:: What is required ::
Exact copies of the lines below, from the one with "Post media background" up to and including the one with "Люкс, Felix Suiten Am Zwinger", are what this calls for; leave out pictures.

:: Entries shown ::
★ ★ ★ ★
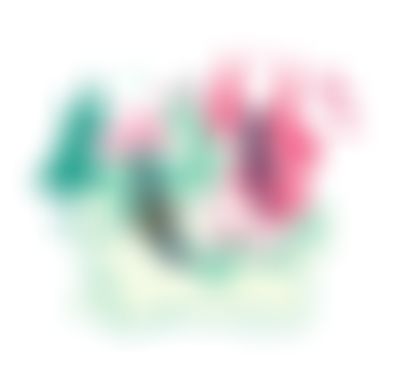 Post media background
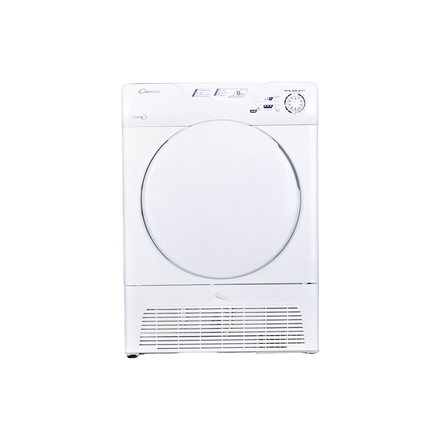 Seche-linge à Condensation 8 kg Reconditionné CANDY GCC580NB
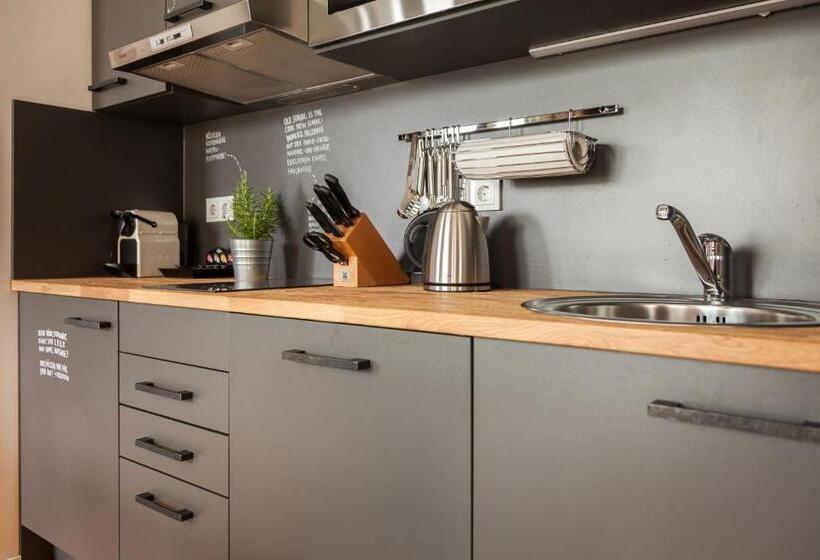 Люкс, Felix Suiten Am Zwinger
★ ★ ★ ★
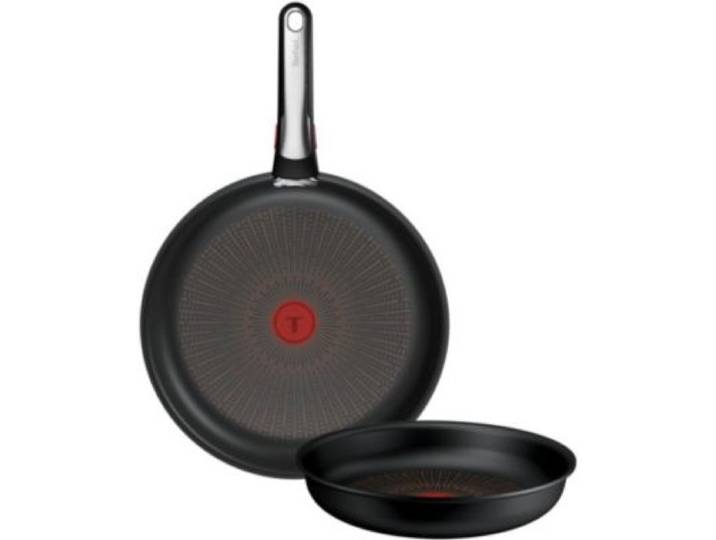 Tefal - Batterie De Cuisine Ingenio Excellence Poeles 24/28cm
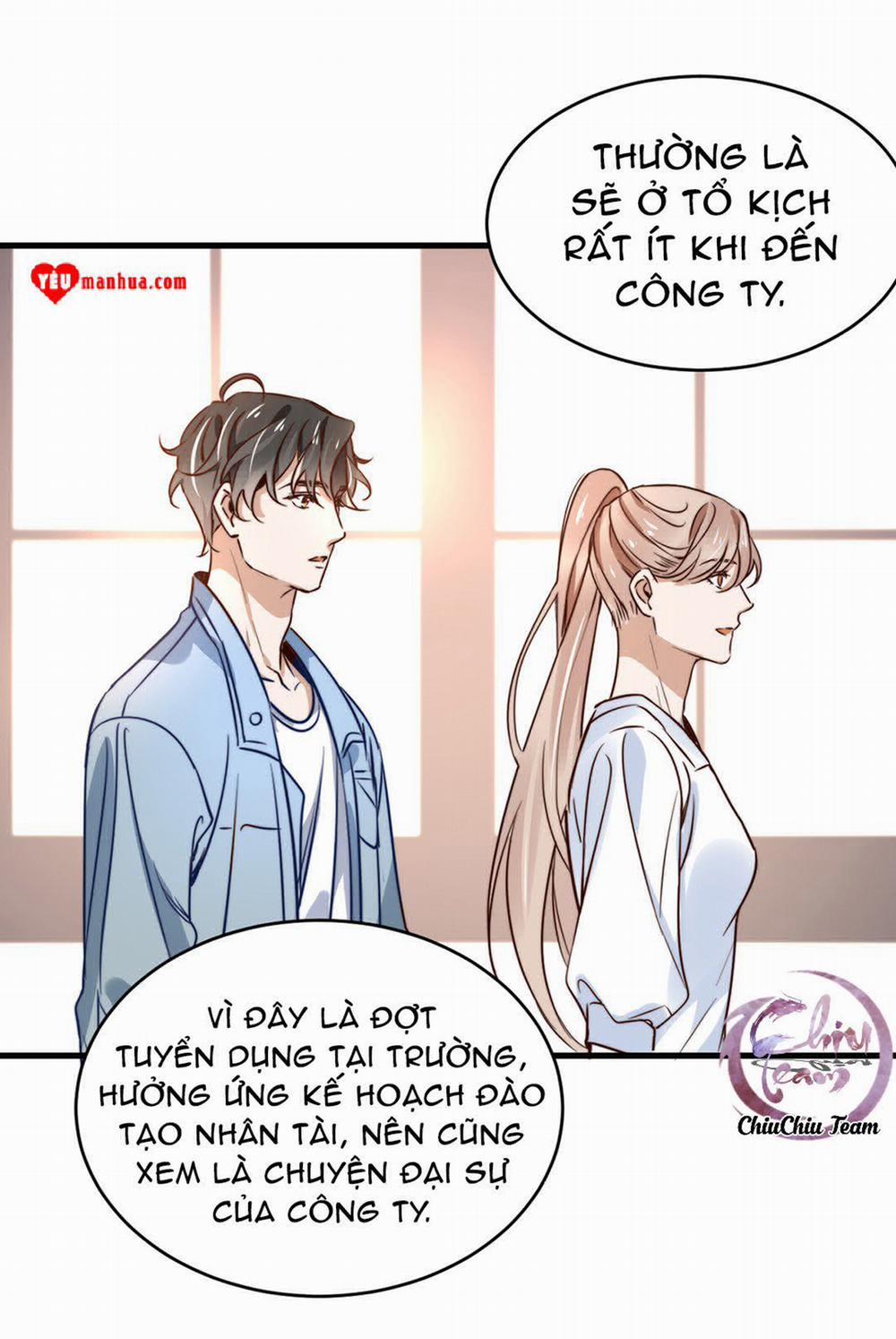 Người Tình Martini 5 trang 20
★ ★ ★ ★
:: Response to this task ::
 Post media background
 Seche-linge à Condensation 8 kg Reconditionné CANDY GCC580NB
 Люкс, Felix Suiten Am Zwinger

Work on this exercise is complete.